# DAX show Best selling product only



## martijnvanderveldt (Oct 13, 2015)

Hii!   

I am looking for a DAX formula that only shows me the best selling product per region. Thus if region 1 has 3 brands in which brand A is the best selling brand, I would like to use the formula to create a table in which I see:

Region 1: Brand A (Volume included optional, not necessary) 


Anyone any idea? (Columns: Brand, Volume, Region)


----------



## scottsen (Oct 14, 2015)

=CALCULATE([SomeMeasure], TOPN(1, SomeTable, [SomeMeasure]))

I _think_ that should magically work to show just the best (whatever)... as ordered by [SomeMeasure] ?


----------



## martijnvanderveldt (Oct 14, 2015)

Awesome we are getting a lot closer, though it stills gives an error when I do this. Maybe I am doing something wrong?

I made the following formula as a measure:

TOP = CALCULATE(TOPN(1,Volume,Volume[SKU]))
or
TOP = CALCULATE(TOPN(1,Volume,Volume[SKU],ASC),ALLSELECTED(Volume))

But it gives me the following error:
_The expression refers to multiple columns. Multiple columns cannot be converted to a scalar value_.

Would you know what I should do to make it work? Here Volume is the table and volume[SKU] a column


----------



## scottsen (Oct 14, 2015)

So... how to explain this... uh...

All measures must return a scalar value (a simple, single value).  TOPN does NOT return a scalar, it returns a TABLE.  

Assuming Volume[SKU] is a column... maybe...

TOP = CALCULATE(SUM(Volume[SKU]), TOPN1(1, Volume, SUM(Volume[SKU]))

The first param to calculate is a measure, the 2nd (or more) params to calculate are "how do I want to modify the filter context" -- in this case you want to only include rows from a table you passed in.  That table you passed in... is the results froma  TOPN(1, ...)

Does that make sense?


----------



## martijnvanderveldt (Oct 16, 2015)

Hmm it does make sense yet it doesn't returns what I am looking for. Or maybe I am simply using it wrong in a table thereafter. 

I have the table  'Volume' with the following columns:

      Volume[SKU]                   (Text)
      Volume[Volume (HL)]       (Values)

In which I tried your formula 

Top = CALCULATE(SUM(Volume[Volume (HL)]),TOPN(1,Volume,SUM(Volume[Volume (HL)])

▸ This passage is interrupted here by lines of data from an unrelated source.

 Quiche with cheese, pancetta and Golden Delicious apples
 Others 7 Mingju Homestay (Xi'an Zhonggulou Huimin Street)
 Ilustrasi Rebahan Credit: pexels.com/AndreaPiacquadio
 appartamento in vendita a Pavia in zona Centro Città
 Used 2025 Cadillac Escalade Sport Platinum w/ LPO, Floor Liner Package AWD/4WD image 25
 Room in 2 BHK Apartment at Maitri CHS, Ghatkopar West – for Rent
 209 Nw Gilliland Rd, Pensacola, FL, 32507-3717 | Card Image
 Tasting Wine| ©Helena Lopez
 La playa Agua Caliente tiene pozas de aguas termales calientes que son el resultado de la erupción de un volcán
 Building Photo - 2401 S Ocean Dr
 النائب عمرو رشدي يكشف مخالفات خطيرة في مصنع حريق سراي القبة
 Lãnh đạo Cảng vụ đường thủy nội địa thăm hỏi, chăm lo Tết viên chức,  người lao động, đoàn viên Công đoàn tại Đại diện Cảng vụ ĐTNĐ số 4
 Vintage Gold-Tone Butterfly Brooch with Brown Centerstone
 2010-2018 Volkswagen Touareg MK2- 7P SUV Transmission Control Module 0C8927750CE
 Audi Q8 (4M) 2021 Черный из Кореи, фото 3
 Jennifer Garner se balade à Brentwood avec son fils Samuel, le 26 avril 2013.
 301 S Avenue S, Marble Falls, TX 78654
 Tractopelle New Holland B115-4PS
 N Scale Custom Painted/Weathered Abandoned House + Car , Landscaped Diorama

Yet I believe it is missing the attaching column of Volume[SKU]. When I try to add the measure in a table with the SKU's separate it just gives me a list of all SKU's and not just the top selling one which I am looking for. Would you know how to make that magic happen?

To Clarify, from the 100 brands, I only want 1 to show up as the best (depending on the filters I use).

Thanks a lot for your help! Really appreciate it


----------